В романе "Обломов" хотел противопоставить западную и русскую культуру Иван Александрович Гончаров. Обломов и Штольц - два ключевых образа произведения. Роман построен на приеме антитезы. Она реализуется через противопоставление двух этих персонажей произведения. Во многом противоположны Штольц и Обломов. В русской классической литературе есть множество произведений, построенных подобным образом. Это, например, "Герой нашего времени" и "Евгений Онегин". В зарубежной литературе также можно найти такие примеры.

"Обломов" и "Дон Кихот"

С "Обломовым" больше всего перекликается роман "Дон Кихот" Мигеля де Сервантеса. В этом произведении описываются противоречия между действительностью и представлением человека о том, какой должна быть идеальная жизнь. Это противоречие распространяется, как и в "Обломове", на внешний мир. Как и Илья Ильич, Идальго погружен в грезы. Обломова в произведении окружают люди, которые не понимают его, ведь представления их о мире ограничиваются материальной его стороной. Правда, у этих двух историй диаметрально противоположный исход: перед смертью к Алонсо приходит озарение. Этот персонаж понимает, что в своих мечтаниях заблуждался. А вот Обломов не меняется. Очевидно, в этом исходе и заключается различие между западным и русским менталитетом.

Антитеза - основной прием в произведении

С помощью антитезы можно более объемно нарисовать личности героев, поскольку все познается в сравнении.

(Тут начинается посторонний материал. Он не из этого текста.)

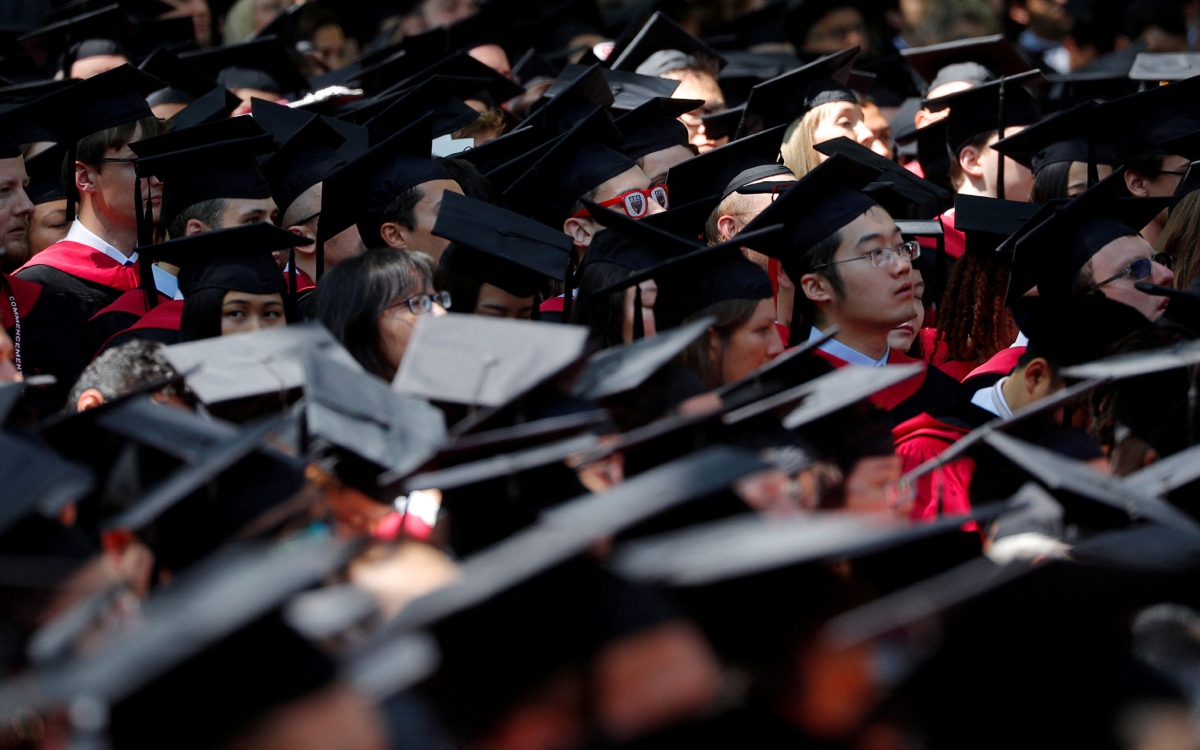 EU cancela deuda estudiantil de 804,000 personas por 39 mil millones de dólares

Нельзя понять Илью Ильича, убрав Штольца из романа. Гончаров показывает достоинства и недостатки своих персонажей. Читатель при этом может взглянуть со стороны на самого себя и свой внутренний мир. Это поможет не допустить ошибок, которые сделали герои Обломов и Штольц в романе Гончарова "Обломов".

Илья Ильич - это человек с исконно русской душой, а Андрей Штольц - представитель новой эпохи. В России всегда были и будут и те и другие. Штольц и Обломов - это персонажи, через взаимодействие которых, а также через их взаимодействие с другими героями произведения автор доносит основные мысли. Ольга Ильинская является связующим звеном между ними.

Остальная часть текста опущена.